C.J. Fair has worked out for 15 of the NBA's 30 teams, and… (Jeff Siner, MCT )
Like many 12 year olds, C.J. Fair dabbled in many different sports. He played some baseball, a little football and anything his friends were into at the time.
Then he started "growing like a weed," as his father Carl put it, and Carl asked him to pick one sport. C.J. chose basketball, and he and his friends — Antonio and Will Barton, Josh Selby and Nick Faust — began dominating anyone who stood in their way. They formed a super team, as the lanky lefty C.J. continued to sharpen his game at the John Eager Howard Community Center and around Baltimore playgrounds.
"That's when I knew he had it in him," Carl Fair said. "And I knew that's what he wanted to do. That's when he started really focusing solely on basketball."
As his father predicted when C.J. was 12, the NBA is now a real possibility. The NBA draft is Thursday, and Fair is projected as a mid-to-late second round pick. After four years playing for Jim Boeheim at Syracuse and finishing as one of the most distinguished players in school history, Fair has trained with NBA greats George Gervin and John Lucas this offseason to prepare for the draft.
He has worked out for half of the NBA's teams in recent weeks, and he's fully confident he'll hear his name called Thursday night. Those close to Fair think whichever team takes him will be getting a steal.
"I think he's one of the most underrated guys in this whole draft," Orlando Magic forward Tobias Harris said. "Whatever team picks him, I think the sky's the limit for him."
Fair and Harris work out together with Gervin in San Antonio. Harris, who was drafted 19th overall in 2011, has known Fair for years. They teamed up on the Baltimore Stars Amateur Athletic Union team in high school and have been friends since.

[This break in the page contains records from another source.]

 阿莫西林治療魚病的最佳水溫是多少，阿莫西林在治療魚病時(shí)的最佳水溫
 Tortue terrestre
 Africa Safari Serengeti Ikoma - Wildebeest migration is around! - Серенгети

Harris' father, Torrel, is now C.J.'s agent. He was Gervin's agent, too, which is how C.J. got the opportunity to work out with Gervin. Fair and Harris often work on their 1-on-1 play, as Fair is striving to show scouts that the playmaking ability he had in college can translate to the next level.
"George Gervin, he's been a great mentor for me, helping me with my technique on the offensive end," Fair said. "We've been working on my jump shot and how to get separation."

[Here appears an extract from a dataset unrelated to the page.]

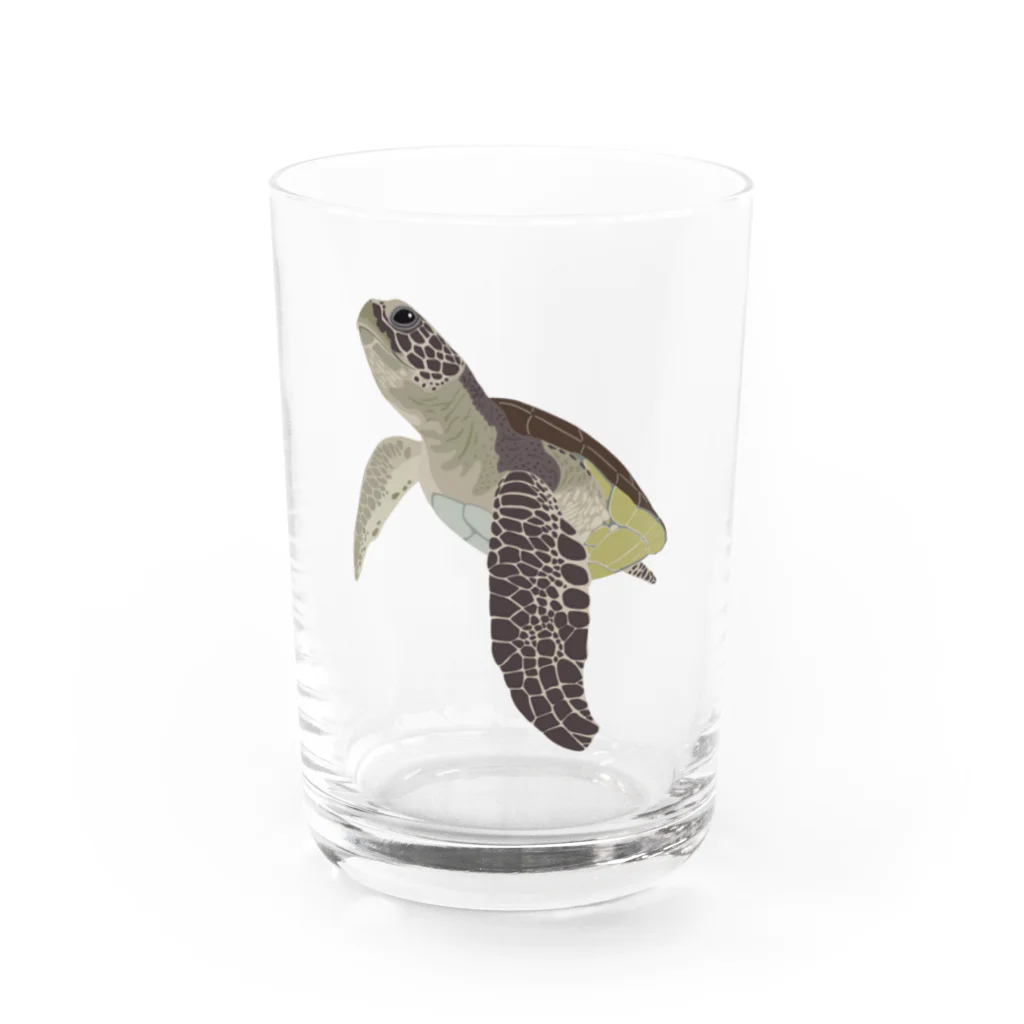 カメの歩みのアオウミガメ Water Glass :front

While at Syracuse, getting separation was Fair's forte. He'd give a little jab step, then another, up fake and shoot over the defender. Defenders would know what was coming but still often be unable to stop it. Carl Fair calls C.J.'s midrange game his bread and butter.
Longtime Baltimore Stars official Troy Franklin, who watched Fair play throughout his childhood, agrees with Carl's assessment.

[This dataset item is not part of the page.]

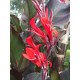 Канна Red Stripe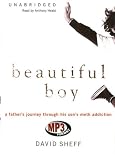 Beautiful Boy: A Father's Journey Through His Son's Crystal Meth Addiction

"He can shoot the lights out," Franklin said.
Fair is trying to market himself as a mid-range threat who can play solid defense. He knows some critics say playing in Boeheim's 2-3 zone is disadvantageous going to the NBA, but Fair's out to debunk that myth.
When he's not working out with teams or Gervin, Fair makes his way to Houston to train with Lucas, the NBA's No. 1 pick in 1976 out of Maryland.
Five hours a day. Shots from all over the court. Dribbling drills. The workouts are grueling, but Fair knows they will be worth it.
Lucas said Fair's ball-handling has consistently improved since he arrived in Houston. At Syracuse, Fair had to dribble the ball more his senior year because of the team's lack of depth at guard. He knows everyone has to be able to dribble extremely well in the NBA, so he's ensuring his handles are up to par.
Lucas' main goals are to improve the 6-foot-8 Fair's conditioning and continue to polish his right hand. While Fair still has a ways to go, Lucas believes he has tremendous upside.
"C.J. is savvy and crafty as a player," Lucas said. "He's working hard to continue to improve his shot. His decision making is very good."
When Fair was trying to decide whether to declare for the draft after his junior season, Carl weighed in on the matter. His degree was within reach, so why not stay? Though this year's draft class is a lot stronger, he's going to have to guard players like LeBron James and Carmelo Anthony at small forward if all goes according to plan, so why not continue to improve another year?
And that's what Fair did, piecing together his most complete season at Syracuse. He averaged 16.6 points per game, forming one of the most lethal duos in the country with freshman Tyler Ennis.
While the natural inclination of many players is to go to the NBA as soon as possible, Fair was the exception. Rather than hurt his stock like North Carolina forward James Michael McAdoo, for example, he continued to build his resume and improve his game.